Brief descriptive captions>

Segment Open

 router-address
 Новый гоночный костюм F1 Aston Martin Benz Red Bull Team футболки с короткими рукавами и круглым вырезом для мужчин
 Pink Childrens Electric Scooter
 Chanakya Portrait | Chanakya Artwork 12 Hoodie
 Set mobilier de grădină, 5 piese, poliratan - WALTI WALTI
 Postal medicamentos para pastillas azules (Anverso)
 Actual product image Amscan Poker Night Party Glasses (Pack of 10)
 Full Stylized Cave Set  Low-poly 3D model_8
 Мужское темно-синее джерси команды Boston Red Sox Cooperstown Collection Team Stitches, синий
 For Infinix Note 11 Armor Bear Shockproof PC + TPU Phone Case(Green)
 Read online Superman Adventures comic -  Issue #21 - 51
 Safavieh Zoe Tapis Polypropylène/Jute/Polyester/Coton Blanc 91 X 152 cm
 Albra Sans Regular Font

Segment Closed

WHAT YOU SHOULD DO>
Write out exactly each line of the entries, starting at the one containing "Новый гоночный костюм" and finishing with the last line.

OUTPUT OF THE TASK>
 Новый гоночный костюм F1 Aston Martin Benz Red Bull Team футболки с короткими рукавами и круглым вырезом для мужчин
 Pink Childrens Electric Scooter
 Chanakya Portrait | Chanakya Artwork 12 Hoodie
 Set mobilier de grădină, 5 piese, poliratan - WALTI WALTI
 Postal medicamentos para pastillas azules (Anverso)
 Actual product image Amscan Poker Night Party Glasses (Pack of 10)
 Full Stylized Cave Set  Low-poly 3D model_8
 Мужское темно-синее джерси команды Boston Red Sox Cooperstown Collection Team Stitches, синий
 For Infinix Note 11 Armor Bear Shockproof PC + TPU Phone Case(Green)
 Read online Superman Adventures comic -  Issue #21 - 51
 Safavieh Zoe Tapis Polypropylène/Jute/Polyester/Coton Blanc 91 X 152 cm
 Albra Sans Regular Font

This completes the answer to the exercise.